优化spark RDD autoKMeans one-hot数据 无监督聚类

package scala.learningRDD

import org.apache.spark.SparkContext
import org.apache.spark.mllib.linalg.{Vector, Vectors}
import org.apache.spark.rdd.RDD
import org.apache.spark.sql.SparkSession

import scala.collection.mutable.ArrayBuffer


object KmsModelDef{
  def eudist(v1: Array[Double], v2: Array[Double]): Double = {
    require(v1.length == v2.length, "Vectors must be of the same length.")
    //    sqrt(v1.zip(v2).map { case (a, b) => math.pow(a - b, 2) }.sum)
    v1.zip(v2).map { case (a, b) => if (a==b && a>0 && b>0) 1 else 0}.sum.toDouble/
      v1.zip(v2).map { case (a, b) => if (a>0 || b>0) 1 else 0}.sum.toDouble
  }
}


class ManualKMeansModel(spark: SparkSession,similarity:Double, iter:Int, acc:Double)  {

//  val spark: SparkSession = SparkSession.builder()
//    .master("local[*]").appName("autoKMeans").getOrCreate()

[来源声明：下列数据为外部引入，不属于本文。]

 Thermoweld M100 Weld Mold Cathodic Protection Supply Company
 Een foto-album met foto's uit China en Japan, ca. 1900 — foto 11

  import spark.implicits._
  val sc: SparkContext = spark.sparkContext

    var data: RDD[Vector]=_
    var centers:RDD[(Double,Vector)]=_
    var center_data:RDD[(Double,Double,Double)]=_



    val smllt:Double = similarity
    val iters: Long = iter
    val accs:Double = acc
//    var data_size:Long = _




  // 优化k_meas_jj方法
  def k_meas_jj_optimized(): Unit = {
    // 初始中心点查找优化
    val maxtuple0: (Double, Double) = this.data.map(v => (v.toArray.head, v.toArray.tail.sum))
      .max()(Ordering.by(_._2)) // 使用max替代reduce

    val cts_0: Vector = data.filter(v => v(0) == maxtuple0._1).first()
    //this.centers = sc.parallelize(Seq((0, cts_0)))

    var iteval = 0.0
    var n = 1
    val centersList: ArrayBuffer[(Double, Vector)] = new ArrayBuffer[(Double, Vector)]()
    centersList += ((0, cts_0))

    while (iteval < this.smllt && n < 100) { // 添加安全上限
      val centersBroadcast = sc.broadcast(centersList.toMap)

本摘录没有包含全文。